Chris Jefferies

Personal information
- Born: February 13, 1980 (age 45) Fresno, California, U.S.
- Listed height: 6 ft 8 in (2.03 m)
- Listed weight: 230 lb (104 kg)

Career information
- High school: Washington Union (Easton, California)
- College: Arkansas (1998–1999); Fresno State (2000–2002);
- NBA draft: 2002: 1st round, 27th overall pick
- Drafted by: Los Angeles Lakers
- Playing career: 2002–2004
- Position: Small forward / shooting guard
- Number: 1, 32, 6

Career history
- 2002–2003: Toronto Raptors
- 2003–2004: Chicago Bulls

Career highlights
- First-team All-WAC (2001);
- Stats at NBA.com
- Stats at Basketball Reference

= Chris Jefferies =

American former professional basketball player

Christopher Allen Jefferies (born February 13, 1980) is an American former professional basketball player. He played for the Toronto Raptors and the Chicago Bulls in the National Basketball Association (NBA). He played college basketball for the Arkansas Razorbacks and Fresno State Bulldogs.

==College career==
Jefferies was named First Team All-Western Athletic Conference, All-Defensive Team and All-Newcomer Team as a sophomore at Fresno State University. Also named WAC Newcomer of the Year by the conference media. Jefferies had transferred from the Arkansas following his freshman year.

==Professional career==
Selected in the first round (27th overall pick) of the 2002 NBA draft out of Fresno State by the Los Angeles Lakers, his draft rights were traded along with Lindsey Hunter to the Toronto Raptors for Tracy Murray and the draft rights to Kareem Rush. He was later traded to the Chicago Bulls during the 2003–04 season.

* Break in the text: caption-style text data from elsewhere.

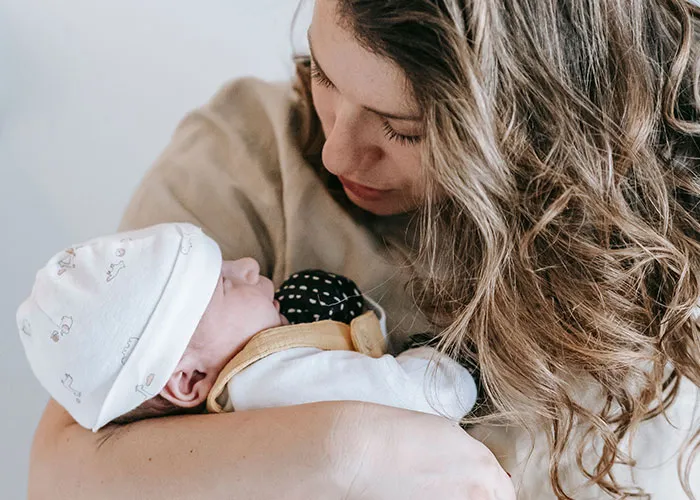 A mother lovingly holding her sleeping baby in her arms during new motherhood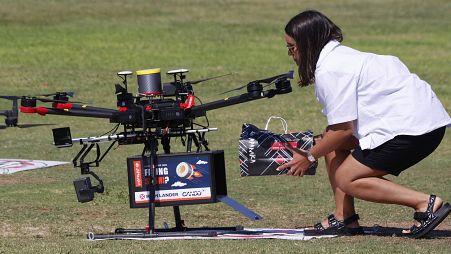 This picture taken on October 11, 2021 in the Israeli coastal city of Herzliya shows a woman loading goods into a drone as it carries deliveries during Drone Intitiative test.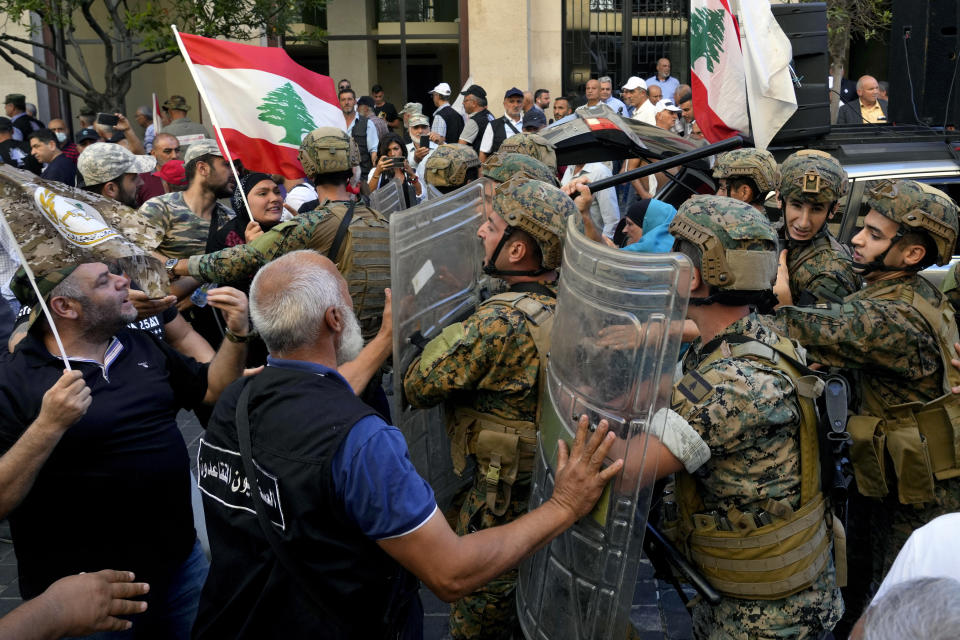 Soldiers scuffle with retired army members as they try to enter to the parliament building while the legislature was in session discussing the 2022 budget, during a protest in downtown Beirut, Lebanon, Monday, Sept. 26, 2022. The protesters demanded an increase in their monthly retirement pay, decimated during the economic meltdown. (AP Photo/Bilal Hussein)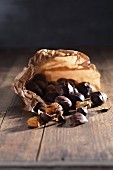 Chestnuts in a paper bag on a wooden table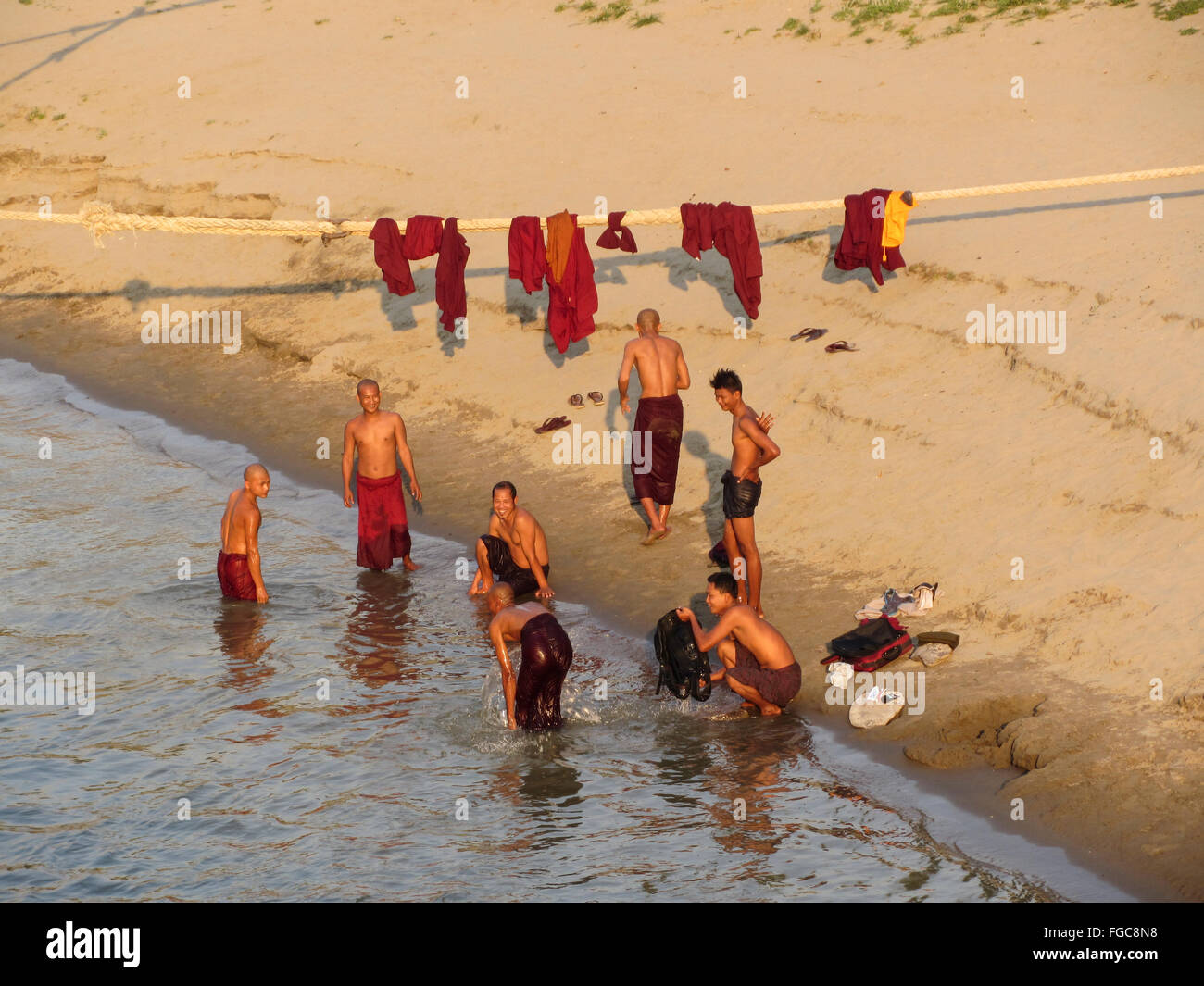 Grupo de machos adultos de monjes budistas bañándose y lavando su ropa en el río Irrawaddy bancos en el centro de Myanmar (Birmania). Foto de stock
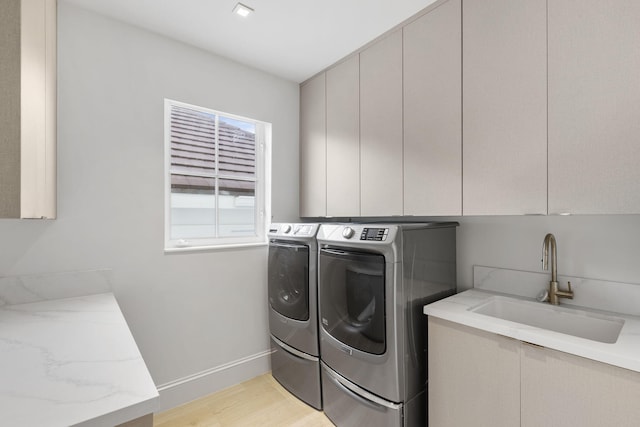 clothes washing area featuring washer and clothes dryer, light wood finished floors, cabinet space, a sink, and baseboards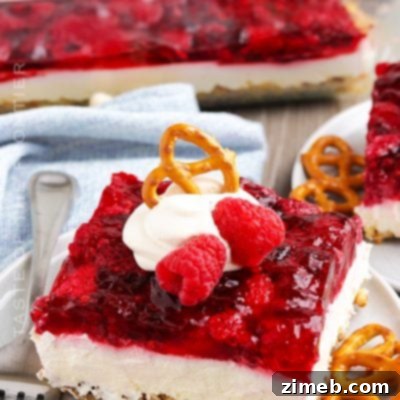 Raspberry Pretzel Salad, a classic Midwestern layered dessert.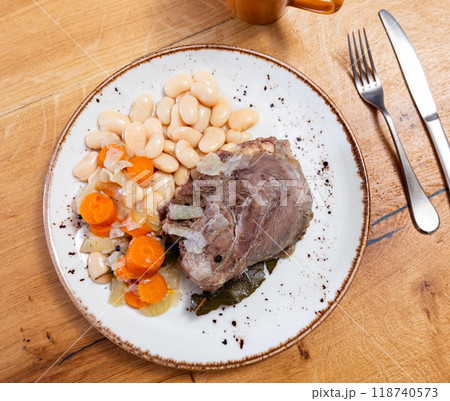 Stewed pork cheek with white beans on ceramic plate 118740573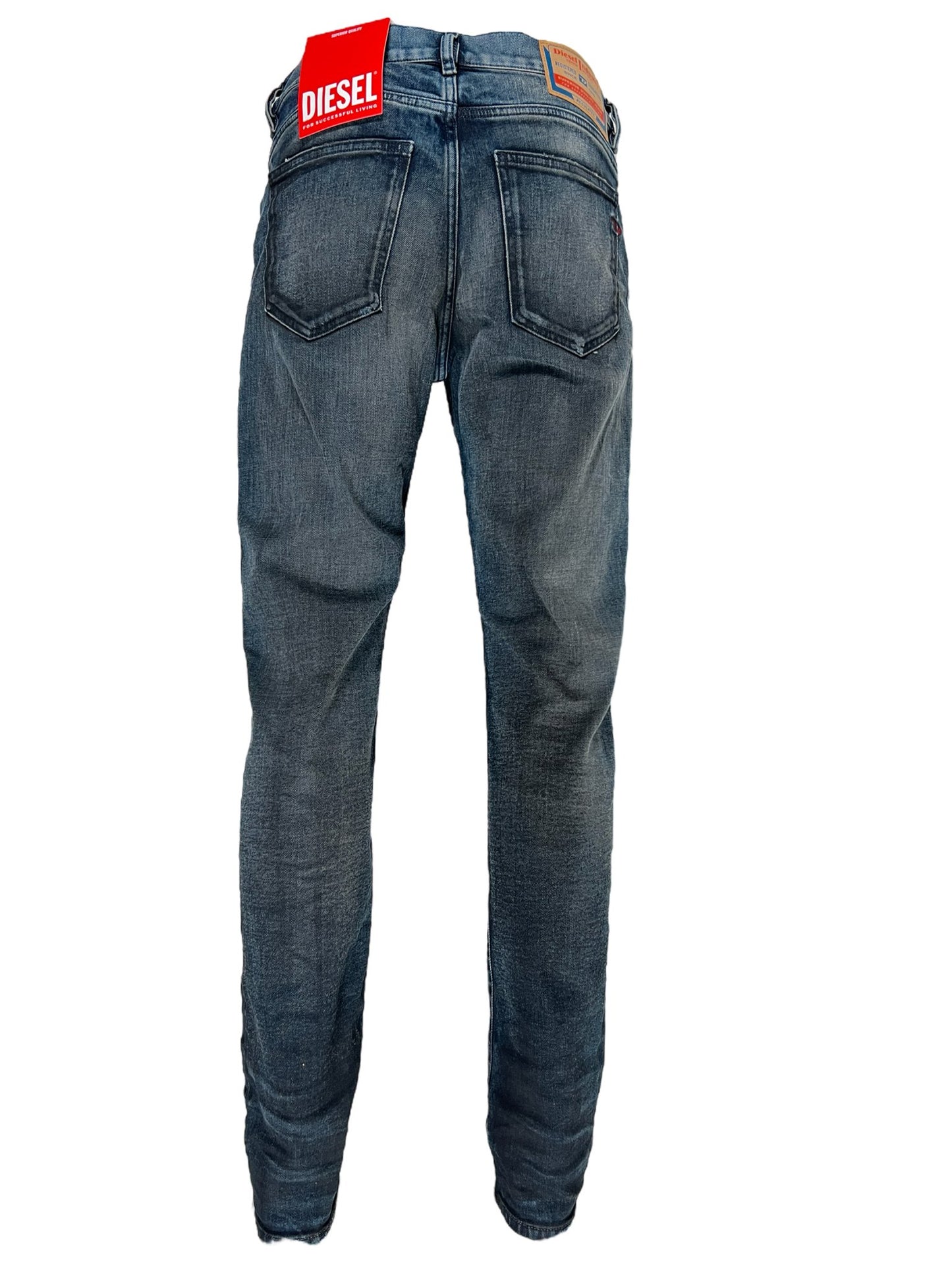 A pair of comfortable DIESEL jeans with a label on the back.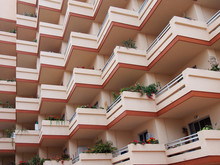 Pink Balconies On Large Modern Apartment Building With House Plants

Jefferies' final NBA game was played on April 14, 2004, in a 96–101 loss to the Indiana Pacers where he recorded 2 points and 5 fouls as the Bulls' starting Small Forward. In his short NBA career, Jefferies registered 72 games played, 12 game starts, and averaged 3.9 points and 1.2 rebounds per game. He is also the half-brother to Nate Jefferies, Immanuel High School basketball star.